What needs to be done :: Reproduce only the lines below from the line containing "We've been getting" to the line containing "So the room", exactly as written, with both end lines kept. Omit the pictures.

(Stored dataset items)

____________________

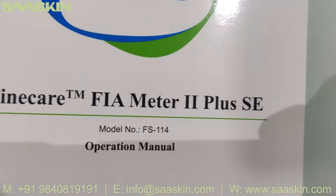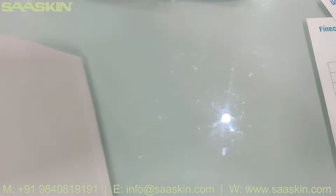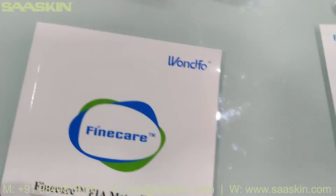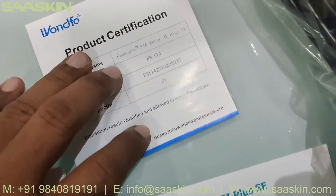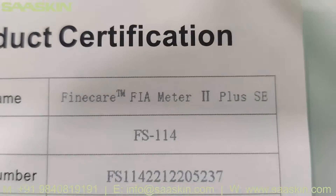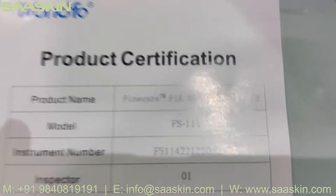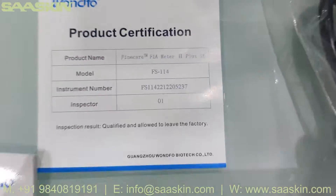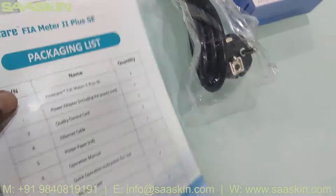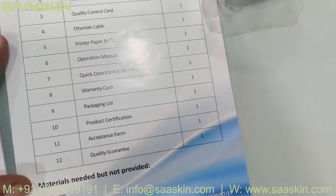There is one FineCare FIA Meter 2 Plus SE model FS114 operation manual. So you get a complete operation manual for conducting this test. And there is a product certification paper with the serial number and instrument number, inspection and product certification. It says FineCare FIA Meter 2 Plus SE FS114. You get a product certification and it's well organized. And also a packaging list that tells you the key contents inside this box.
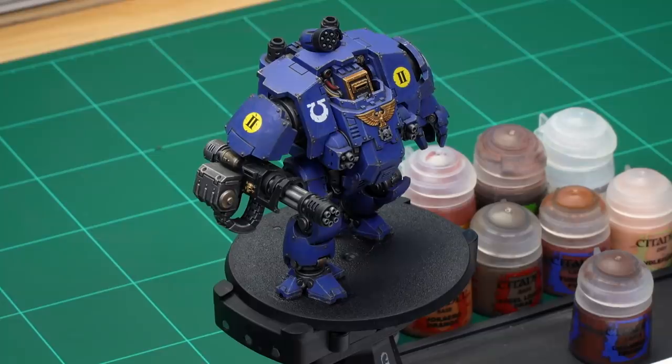We've been getting loads of requests to show you guys how to paint models as if they're stamping through the dusts of Mars. So in this video we're going to show you exactly how to do that using this awesome Ultramarines Redemptor Dreadnought. By the time we're finished we're going to have the base completely painted and it will look like it's got Martian dust all over its legs too.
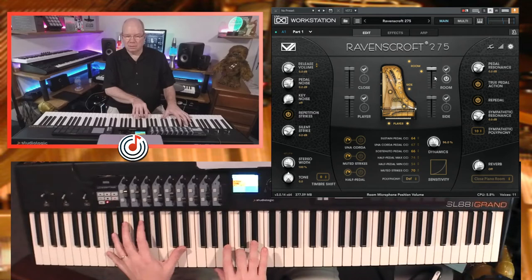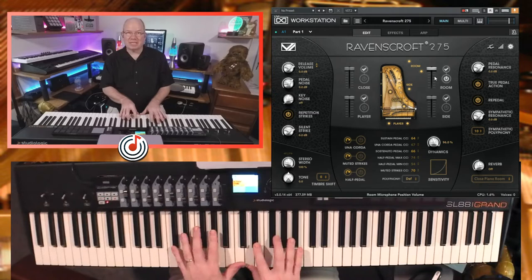So the room is kind of tight. It's not a big room, but it's got enough ambience to kind of give that little bit of extra life there. So let's just try that again.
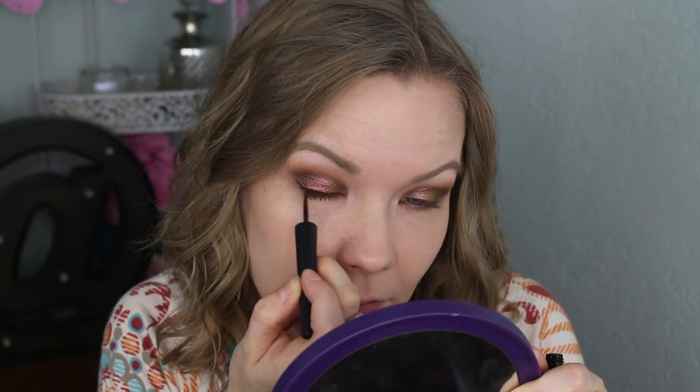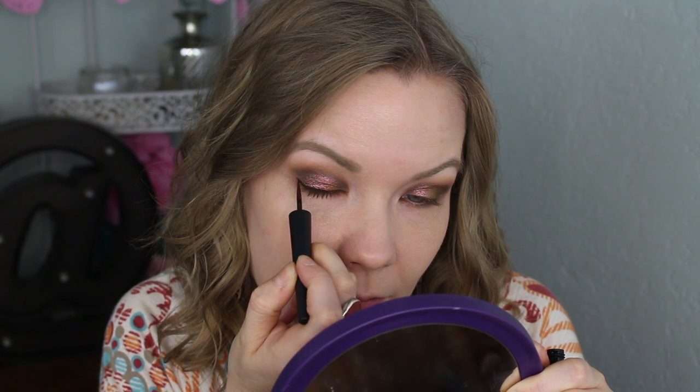For my upper lash line liner I'm going to use my Milani Stay Put Matte 17 Hour Wear Liquid Liner in Coffee Matte. On my lower lash line I'm going to use my Urban Decay 24/7 Glide-On Eye Pencil in Roach. Then over that liner on my lower lash line I'll take some of Unleashed on the inner half and a little bit of Unafraid on the outer half with my Sedona Lace EV21 brush.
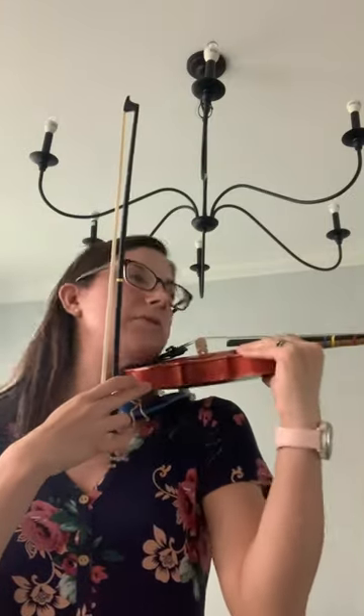Our parents are going to help us set our violins. Please line up scroll, nose, and toe. Make sure there's no space here — we want this to be flush against the neck. Violin covering the shoulder.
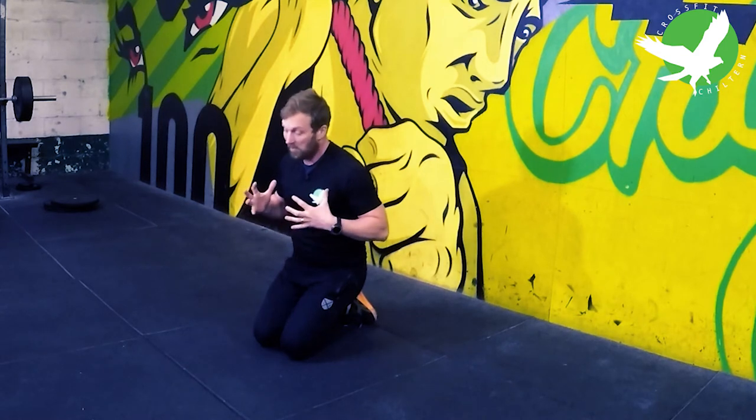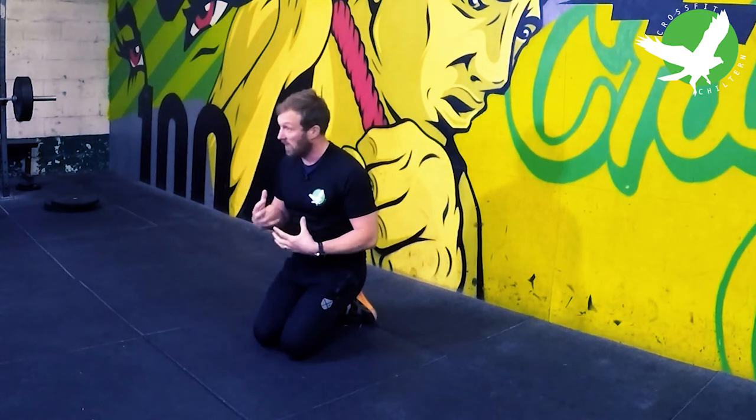This is key for all of the gymnastic movements we do in CrossFit. If you're working on your pull-ups — strict or kipping — if you're working on toes to bar, again strict or kipping, both of those are important. Handstands, handstand press-ups — the hollow is the key position you need to get into before anything else.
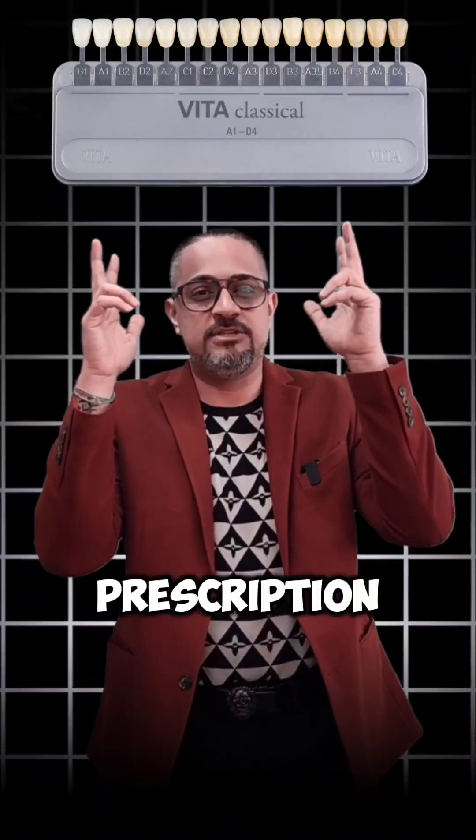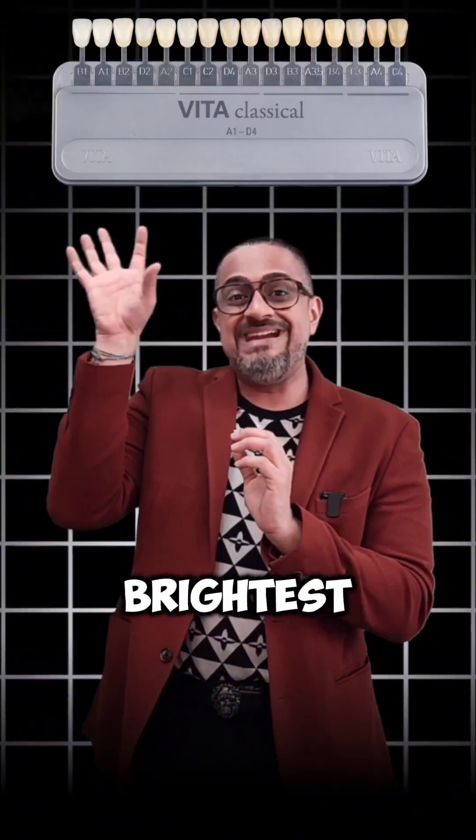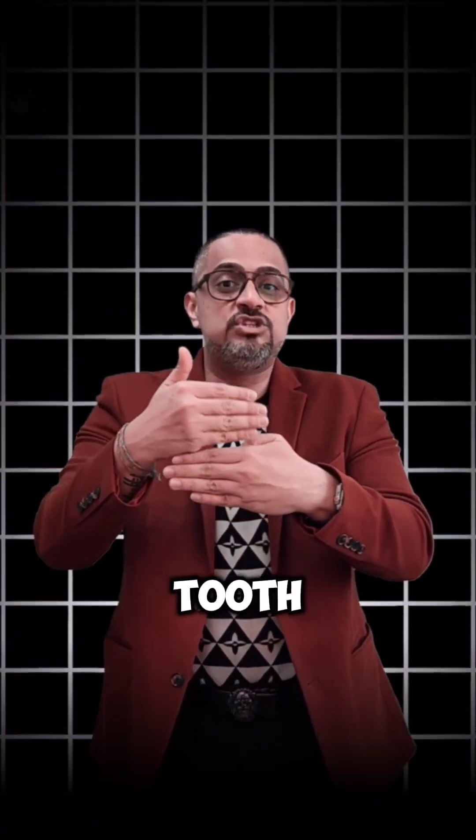Value is the single most important virtue when we talk about shade matching. And unfortunately, the Vita Classic Guide does not work with that principle. So here I'm sharing a value-based prescription — you go from the brightest to the dullest. What you need to do is work with a black and white picture. Hold your shade tab against the tooth, take a picture, and give it a monochromatic look. The shade tab that merges with the underlying tooth shade in black and white tones is the most suitable and should be your shade match.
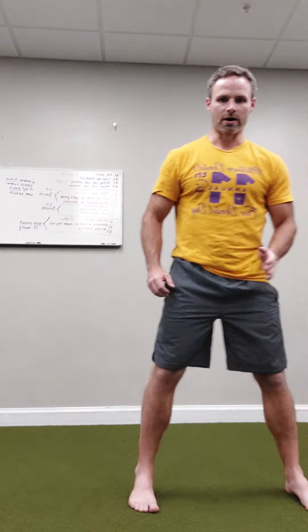We're just going to go in a straight line. Find those muscles, hold, breathe in and out. Find those muscles, hold, breathe in and out. Do 10, change directions, find the muscles on the other side.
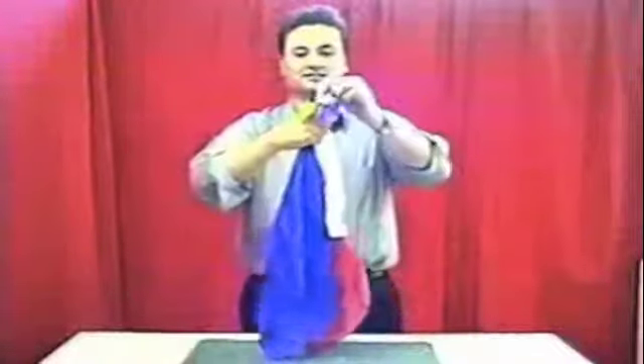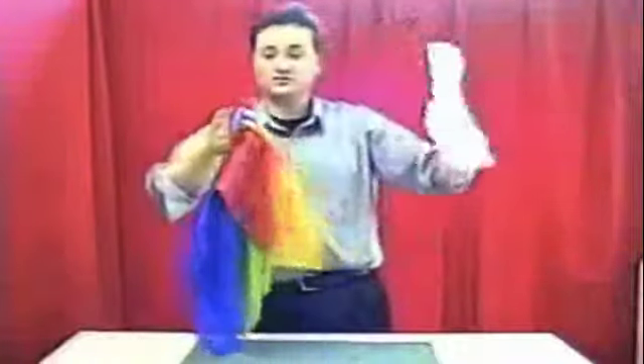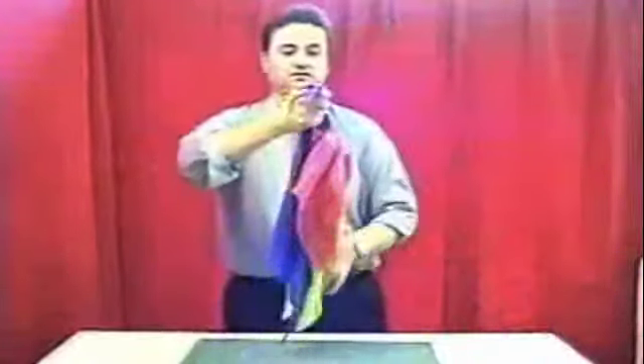You've caught me shaking my silks. I've got here a bunch of different colored bright silks, all except for the white one — that's not so bright. But we'll do something with the brightly colored silks, so that's pretty neat.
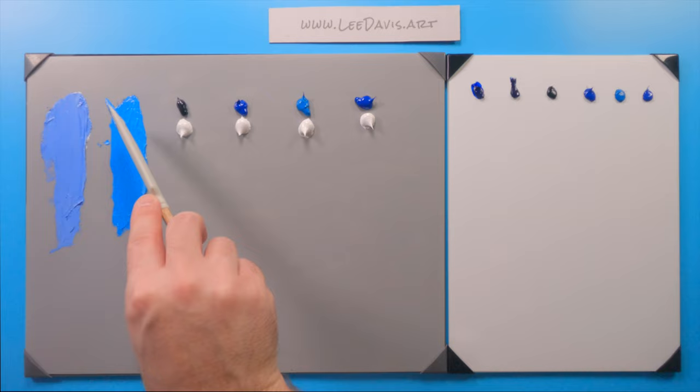Moving on to Prussian blue. Prussian blue is another high-tinting, saturated color — not quite as saturated as phthalo — but you can see how it's very similar, though it has a slightly darker value. It's really nice for deep oceans; I've used it quite extensively in some of my paintings. It's just a little bit different from straight phthalo.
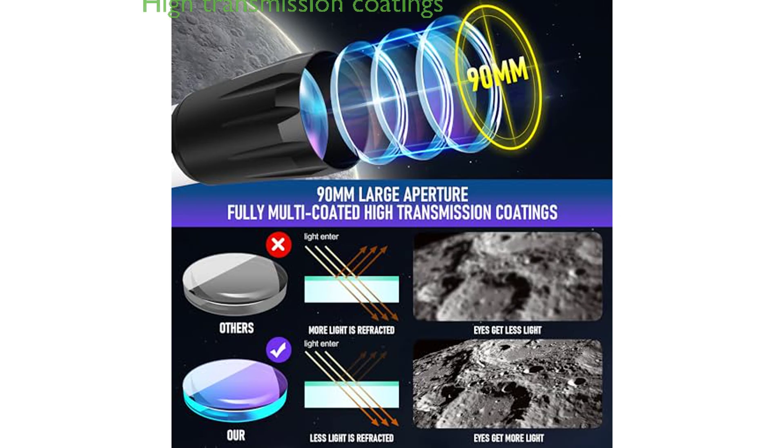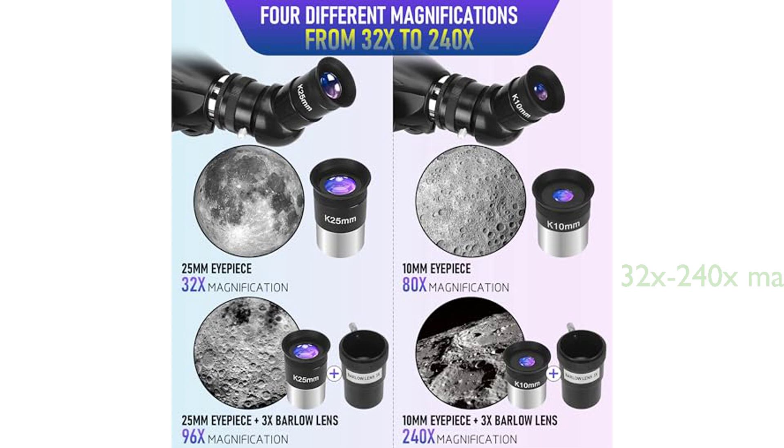It is equipped with fully multi-coated high-transmission coatings on the optical glass lenses, which not only create stunning images but also protect the eyes. The MISA telescope offers a high-powered magnification range of 32 to 240 times, facilitated by two interchangeable eyepieces and a 3x Barlow lens.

____________________

Worked solution ::
We've been getting loads of requests to show you guys how to paint models as if they're stamping through the dusts of Mars. So in this video we're going to show you exactly how to do that using this awesome Ultramarines Redemptor Dreadnought. By the time we're finished we're going to have the base completely painted and it will look like it's got Martian dust all over its legs too.
So the room is kind of tight. It's not a big room, but it's got enough ambience to kind of give that little bit of extra life there. So let's just try that again.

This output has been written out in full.